Certainly, it does, but the fundamental driver is high fossil fuel cost. As
fossil fuel costs increase, it will be amazing how many "new technologies"
become economically viable.
> Solar might get quite a lot cheaper now mass production is on the way.
> Wind in fact went through an industrialization phase already this past
> decade, but the jump from 1.5 MWe turbines to 2 to 3 MWe turbines will
still
> bring generation costs per kWh down further.
There are some interesting fundamentals with wind vs. solar. Specifically,
once a site is selected and approved for wind, the "site cost" would be
about the same, whether a .5 or 5 MW turbine system is installed. Solar
sites have a power output which is almost directly proportional to area.
Also, turbines benefit from "economies of scale, while solar panel cost
would be relatively independant of size.
> Biomass is such a variety of options, is hard to label in one go.
> Personally, I believe in cofiring of biomass in coal plants given the
> enormous potential of that world wide.
> (by comparison, annually 1050 million tons of coal in the US alone!)
> Many ways to have that biomass fed to coal plants.
> And a very direct replacement of long-cycled CO2 from coal to short-cycled
> CO2 from biomass.
Co-friring of biomass is indeed a great way to go. It allows biomass to be
burned in a way that it can "share then economies of scale" with coal.
>
...del...>
> Re Club of Rome
> Well, they were right as far as they went, but they did not go far
> enough to
> give correct answers. They predicted we would be out of copper, but
> we still
> have loads of it readily available. They were wrong, even though
> they did
> indeed have some neat concepts.
>
> Their answers were as good as their assumptions.
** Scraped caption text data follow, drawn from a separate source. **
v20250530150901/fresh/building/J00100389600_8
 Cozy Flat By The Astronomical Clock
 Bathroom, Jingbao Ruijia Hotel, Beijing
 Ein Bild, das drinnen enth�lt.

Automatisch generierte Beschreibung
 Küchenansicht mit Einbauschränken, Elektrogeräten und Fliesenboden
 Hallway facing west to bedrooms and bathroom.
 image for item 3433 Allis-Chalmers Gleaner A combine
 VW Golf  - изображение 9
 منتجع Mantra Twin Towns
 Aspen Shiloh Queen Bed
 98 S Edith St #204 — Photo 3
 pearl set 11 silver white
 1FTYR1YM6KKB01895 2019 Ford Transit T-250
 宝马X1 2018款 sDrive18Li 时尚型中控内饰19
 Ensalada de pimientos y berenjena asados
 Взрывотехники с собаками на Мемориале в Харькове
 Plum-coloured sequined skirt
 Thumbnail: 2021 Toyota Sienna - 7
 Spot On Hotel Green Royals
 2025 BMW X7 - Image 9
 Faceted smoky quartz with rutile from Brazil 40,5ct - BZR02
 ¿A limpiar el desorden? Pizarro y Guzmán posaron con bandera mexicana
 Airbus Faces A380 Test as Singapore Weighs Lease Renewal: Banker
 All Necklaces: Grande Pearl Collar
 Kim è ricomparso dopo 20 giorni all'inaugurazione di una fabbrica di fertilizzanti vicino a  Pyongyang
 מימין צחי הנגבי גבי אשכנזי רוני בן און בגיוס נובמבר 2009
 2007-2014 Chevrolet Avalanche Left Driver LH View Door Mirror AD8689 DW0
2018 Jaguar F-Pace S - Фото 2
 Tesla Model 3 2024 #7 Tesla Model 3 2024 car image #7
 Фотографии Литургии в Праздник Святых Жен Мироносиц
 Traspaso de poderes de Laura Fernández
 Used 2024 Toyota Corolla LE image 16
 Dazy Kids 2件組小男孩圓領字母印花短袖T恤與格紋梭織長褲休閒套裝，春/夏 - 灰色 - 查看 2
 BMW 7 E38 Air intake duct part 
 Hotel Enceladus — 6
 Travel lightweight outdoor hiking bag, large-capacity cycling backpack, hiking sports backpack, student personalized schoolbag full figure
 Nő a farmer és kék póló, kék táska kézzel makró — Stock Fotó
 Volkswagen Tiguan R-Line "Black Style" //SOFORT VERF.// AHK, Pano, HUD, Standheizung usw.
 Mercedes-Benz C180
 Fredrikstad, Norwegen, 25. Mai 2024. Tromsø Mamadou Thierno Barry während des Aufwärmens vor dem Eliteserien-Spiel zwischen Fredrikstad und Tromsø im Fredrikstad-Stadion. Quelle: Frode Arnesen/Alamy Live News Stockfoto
Exactly!!! And this is was my concern earlier in this thread..... the
connectivity between increasing price and extending availability was being
overlooked.
> For instance, they assumed a much higher rate of electrification with a
lot
> higher use of cabling.
> Since lots more aluminum was used for overhead lines and communications
> became glass fiber oriented rather than copper, such predictions were too
> linear.
Exactly!!! As copper became scarce, its price rose, and it became more
economic to use aluminum!! They were in gross error to ignore the effects of
substitution.
>
...del...
> What we will indeed run out of is CHEAP oil. But nobody seems to be
> making
> the connection between price and consumption. We have already run
> out of $2
> oil, but we presently have lots of $20 oil. AS time, and consumption
> go on,
> then we will indeed get to the point where the $20 oil is all gone,
> but
> there will still be $30 oil
>
> You end the example at $30 oil, I recall in 1982 the break-even price for
> the Canadian oil sands to be $40/barrel. In the meantime it came down, but
> even oil sands will be final.
Their reserves are quite large.... it will be a long time before they are
depleted.
> We will not only run out of CHEAP oil, but eventually run out of ALL oil
and
> gas which can be produced for prices to allow it to be used on the scale
and
> for the purposes it is used for now!!!!!.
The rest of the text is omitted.